_Required action_
For the copy, please give all of the data again exactly and leave the pictures out.

▼

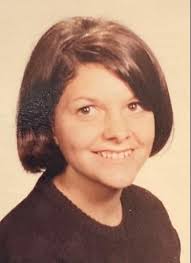 Sharon Phelps Obituary (2020)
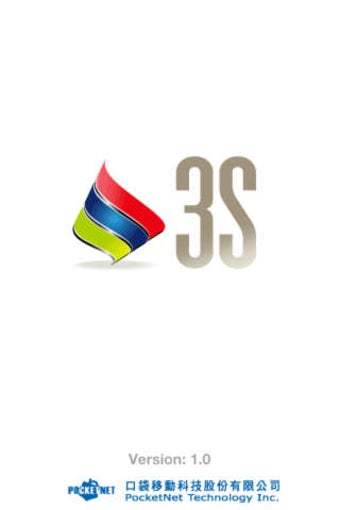 Image 0 for Smart Focus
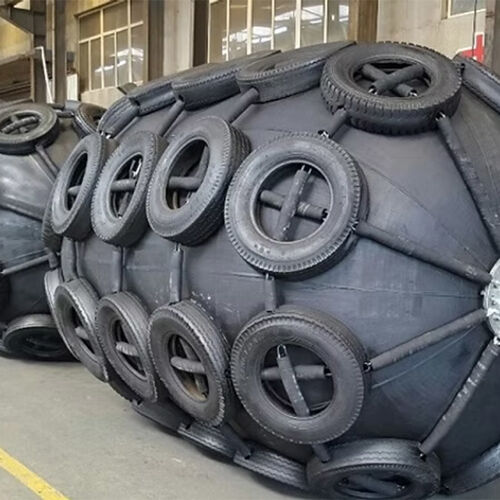 τελευταία εταιρεία περί Εύκολη εγκατάσταση Ανεμπόδιστος σε θαλάσσιο νερό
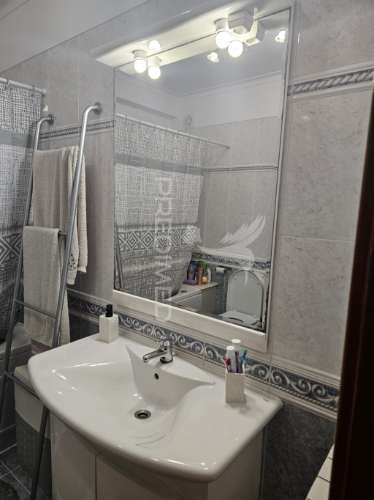 Apartamento t2+1 povoa de santa iria zona nobre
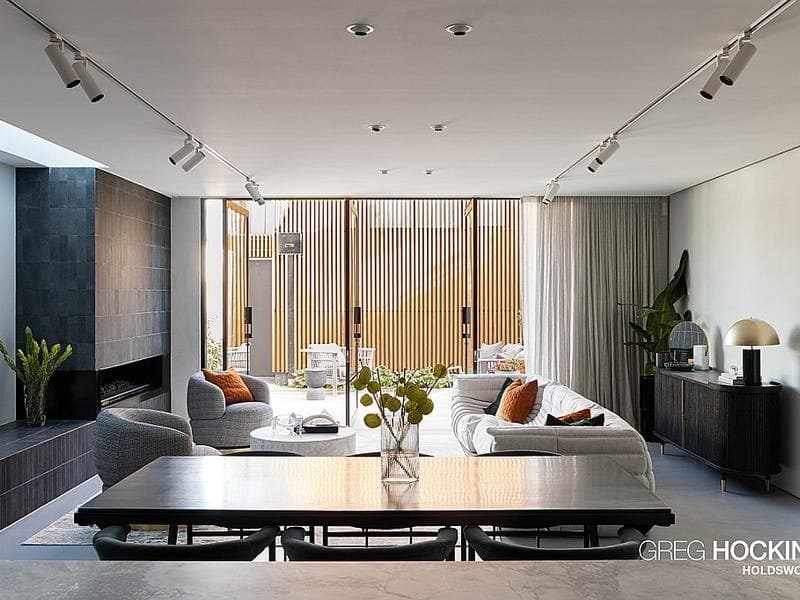 50 Kerferd Road, Albert Park, Albert Park - Thumbnail 3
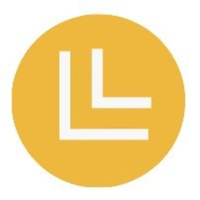 Online Store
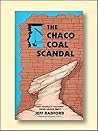 The Chaco Coal Scandal: The People's Victory Over James Watt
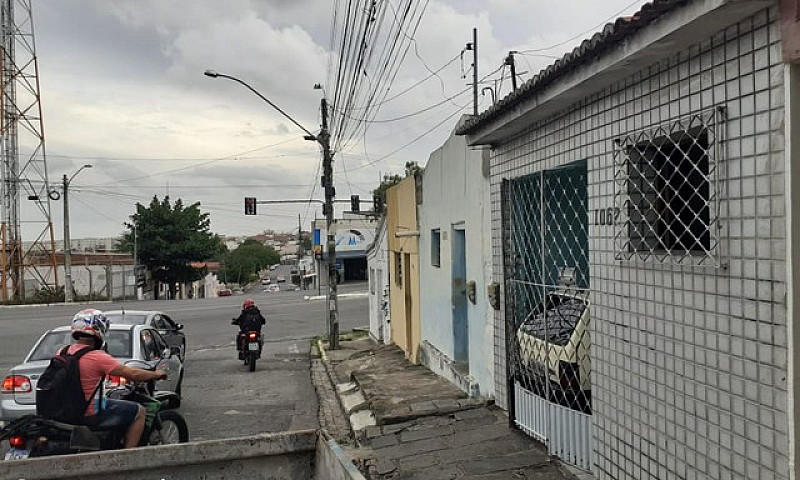 Vendo Casa Na Prata>...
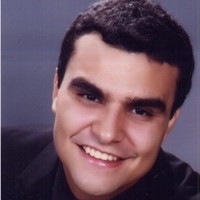 Cássio Vasconcelos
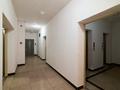 2-комнатная квартира, 67 м², 6/21 этаж, Байтурсынова 1 за 38 млн 〒 в Астане, Алматы р-н — фото 25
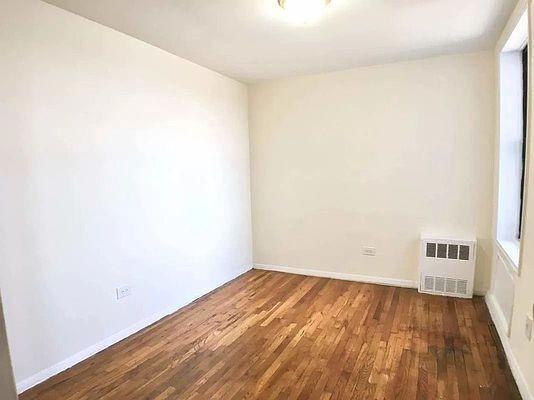 Building Photo - 1 bedroom in Bronx NY 10465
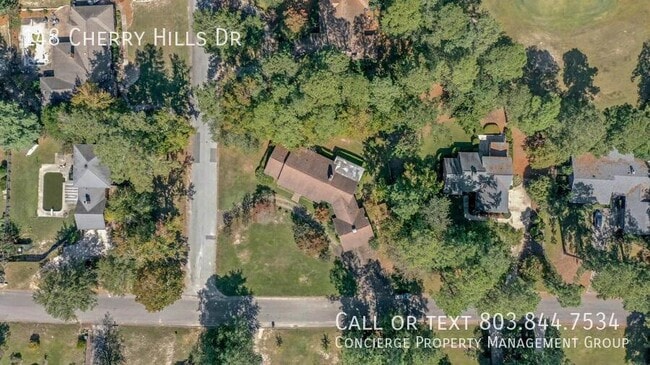 Building Photo - 148 Cherry Hills Dr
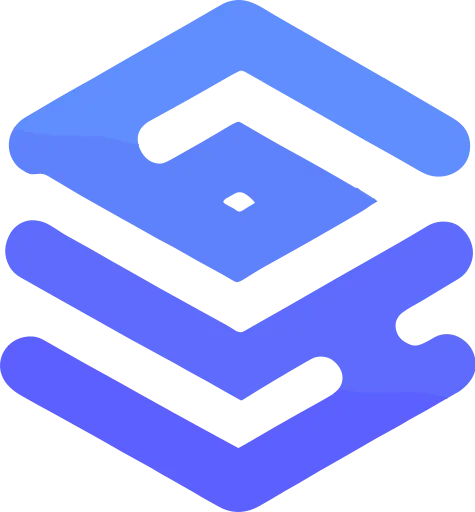 /jimlee/dashboard-icons/raw/commit/17b227b5da6a74911f5bed3a40ed95bf63c82f18/webp/undb.webp
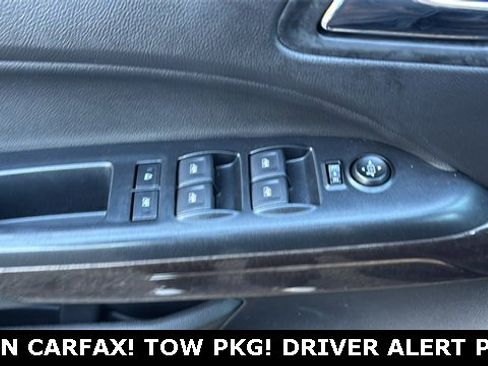 Used 2021 GMC Canyon Elevation w/ Driver Alert Package image 24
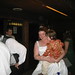 Heather Bearer Photo 8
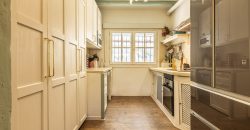 Finca el Manantial – Paracuellos del Jarama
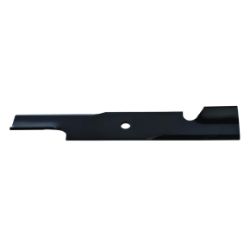 Oregon 91-369 15-1/4 Inch Exmark Blade 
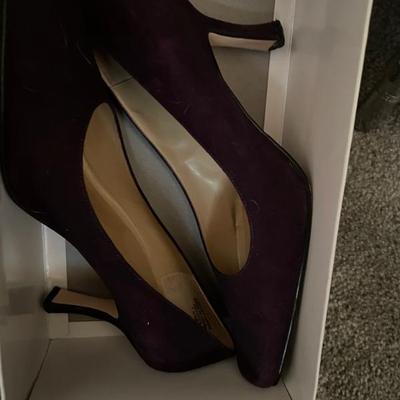 Sale Photo Thumbnail #414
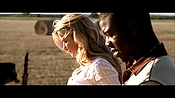 Filename=alltheboyslovemandylane07657.jpg
Filesize=766KiB
Dimensions=1920x1080
Date added=Apr 06, 2021 alltheboyslovemandylane07657.jpg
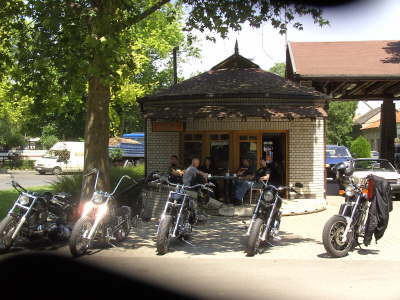 Road (03)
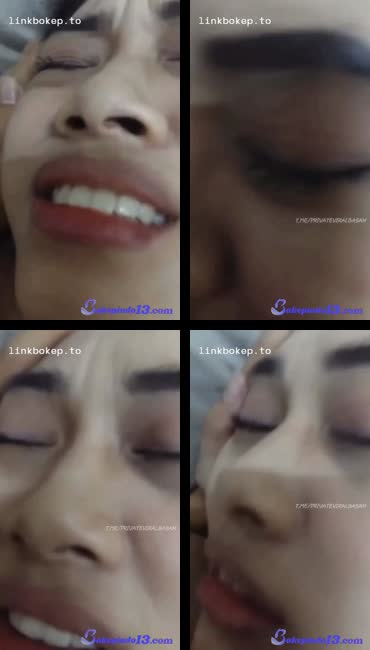 Mbak Sus Nangis Karna Sakit Atau Ke Enakan – Bokep Indo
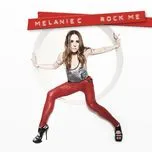 Rock Me (EP)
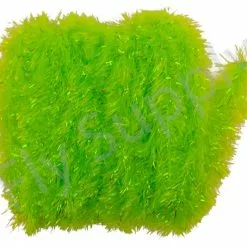 Super Pearl Chenille 15 Mm -Rod Tubes Verkoopwinkel Super Pearl Chenille 15 mm PSPC15 XXX dsc01142 bewerkt wm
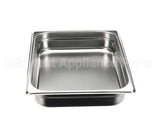 010723 Moffat Pan 1/2X65Mm Steam Table Pan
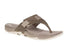 Merrell Terrant Thong Sandal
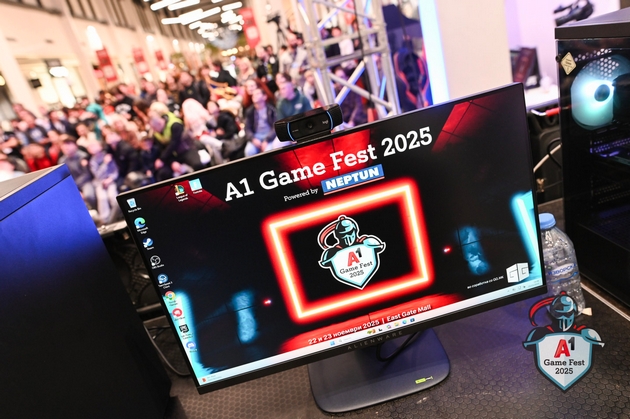 ogromen-uspeh-na-a1-game-fest-2025-powered-by-neptun-najgolemiot-gejming-nastan-vo-makedonija-04.JPG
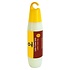 Effax Effax Leather-Cream-Soap, Flic Flac Bottle 400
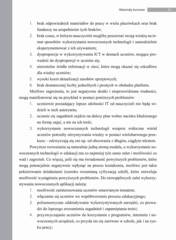 Miniaturka strony 53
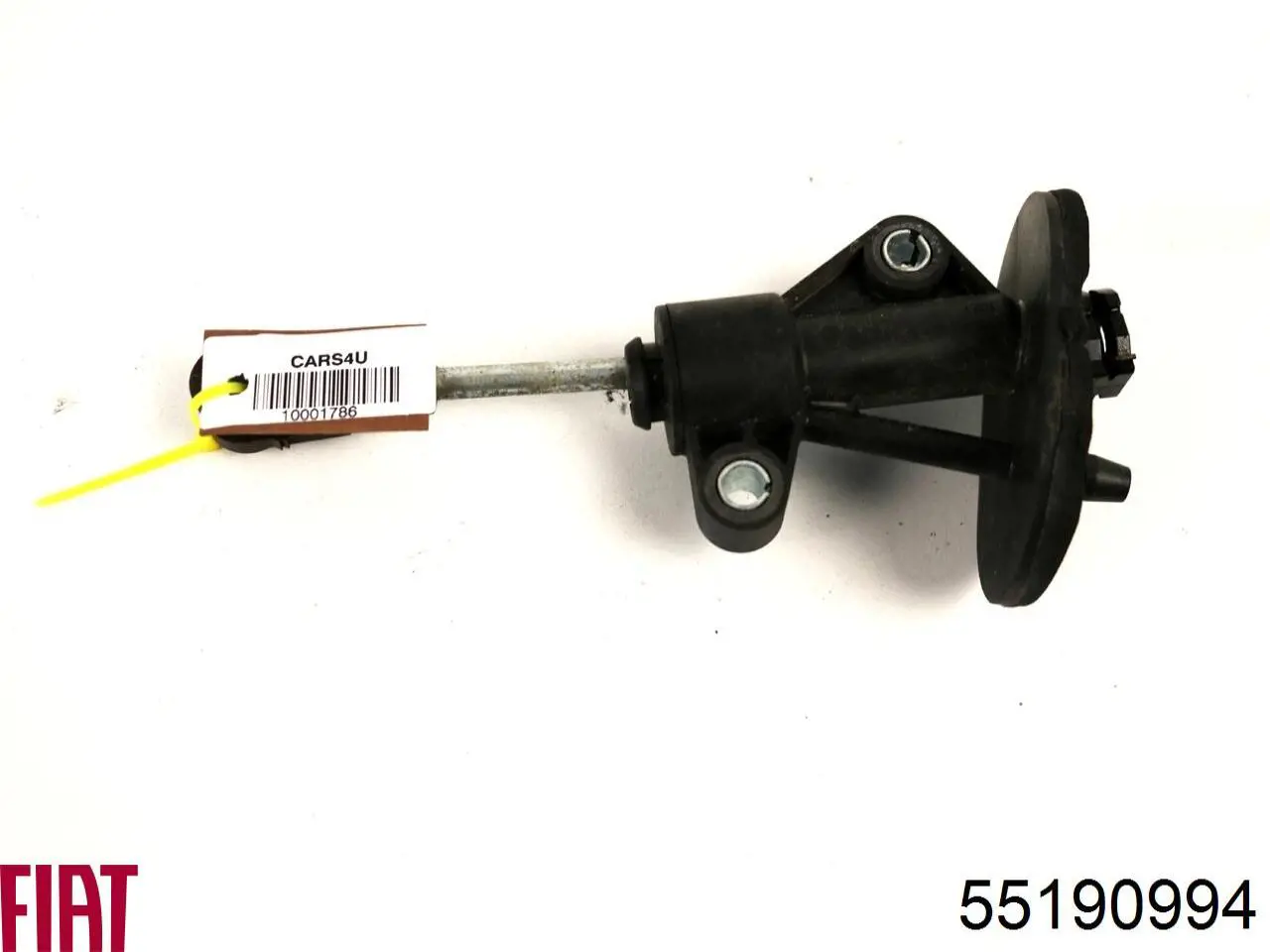 Cilindro mestre de embraiagem Fiat/Alfa/Lancia 55190994 preço, a partir de 208,07 USD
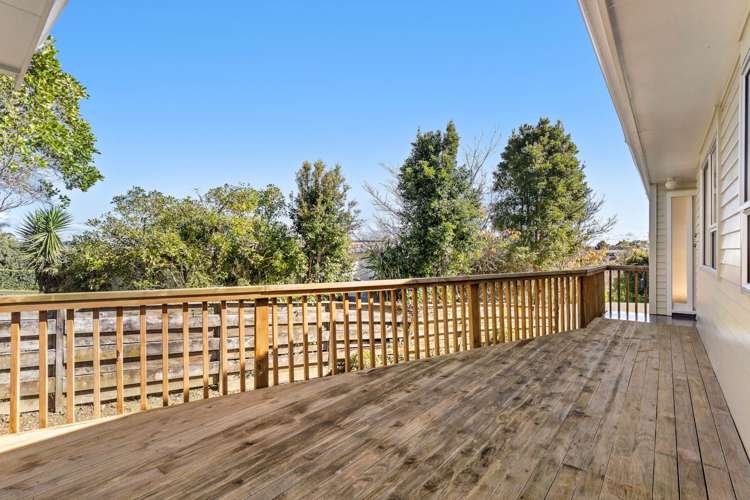 7 Brian Crescent Stanmore Bay_15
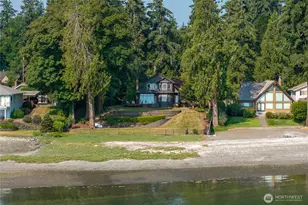 4073 Erlands Point Rd NW, Bremerton, WA 98312 - Photo 1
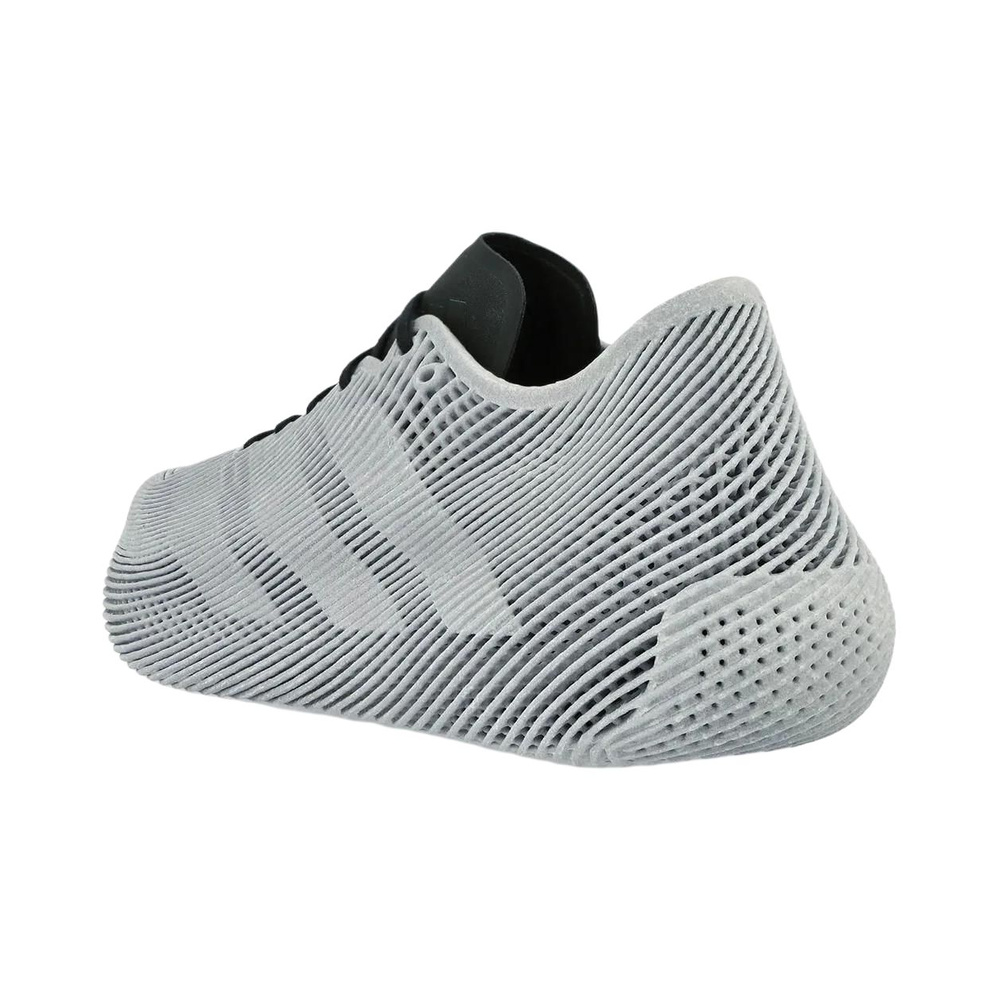Adidas Climacool 'Laced Glory Grey' Мужские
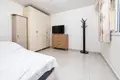 4 room apartment 96 m² Jerusalem, Israel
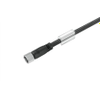 Sensor & Actuator Cables - 2875365 - RS Components, Ltd.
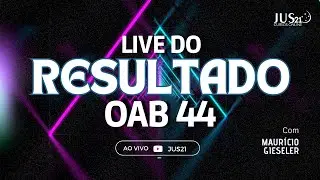 MS E OUVIDORIA: COMO FAZER? - Prof&ordm; Maur&iacute;cio Gieseler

▲

_Output of the exercise_
 Sharon Phelps Obituary (2020)
 Image 0 for Smart Focus
 τελευταία εταιρεία περί Εύκολη εγκατάσταση Ανεμπόδιστος σε θαλάσσιο νερό
 Apartamento t2+1 povoa de santa iria zona nobre
 50 Kerferd Road, Albert Park, Albert Park - Thumbnail 3
 Online Store
 The Chaco Coal Scandal: The People's Victory Over James Watt
 Vendo Casa Na Prata>...
 Cássio Vasconcelos
 2-комнатная квартира, 67 м², 6/21 этаж, Байтурсынова 1 за 38 млн 〒 в Астане, Алматы р-н — фото 25
 Building Photo - 1 bedroom in Bronx NY 10465
 Building Photo - 148 Cherry Hills Dr
 /jimlee/dashboard-icons/raw/commit/17b227b5da6a74911f5bed3a40ed95bf63c82f18/webp/undb.webp
 Used 2021 GMC Canyon Elevation w/ Driver Alert Package image 24
 Heather Bearer Photo 8
 Finca el Manantial – Paracuellos del Jarama
 Oregon 91-369 15-1/4 Inch Exmark Blade 
 Sale Photo Thumbnail #414
 Filename=alltheboyslovemandylane07657.jpg
Filesize=766KiB
Dimensions=1920x1080
Date added=Apr 06, 2021 alltheboyslovemandylane07657.jpg
 Road (03)
 Mbak Sus Nangis Karna Sakit Atau Ke Enakan – Bokep Indo
 Rock Me (EP)
 Super Pearl Chenille 15 Mm -Rod Tubes Verkoopwinkel Super Pearl Chenille 15 mm PSPC15 XXX dsc01142 bewerkt wm
 010723 Moffat Pan 1/2X65Mm Steam Table Pan
 Merrell Terrant Thong Sandal
 ogromen-uspeh-na-a1-game-fest-2025-powered-by-neptun-najgolemiot-gejming-nastan-vo-makedonija-04.JPG
 Effax Effax Leather-Cream-Soap, Flic Flac Bottle 400
 Miniaturka strony 53
 Cilindro mestre de embraiagem Fiat/Alfa/Lancia 55190994 preço, a partir de 208,07 USD
 7 Brian Crescent Stanmore Bay_15
 4073 Erlands Point Rd NW, Bremerton, WA 98312 - Photo 1
Adidas Climacool 'Laced Glory Grey' Мужские
 4 room apartment 96 m² Jerusalem, Israel
 Sensor & Actuator Cables - 2875365 - RS Components, Ltd.
 MS E OUVIDORIA: COMO FAZER? - Prof&ordm; Maur&iacute;cio Gieseler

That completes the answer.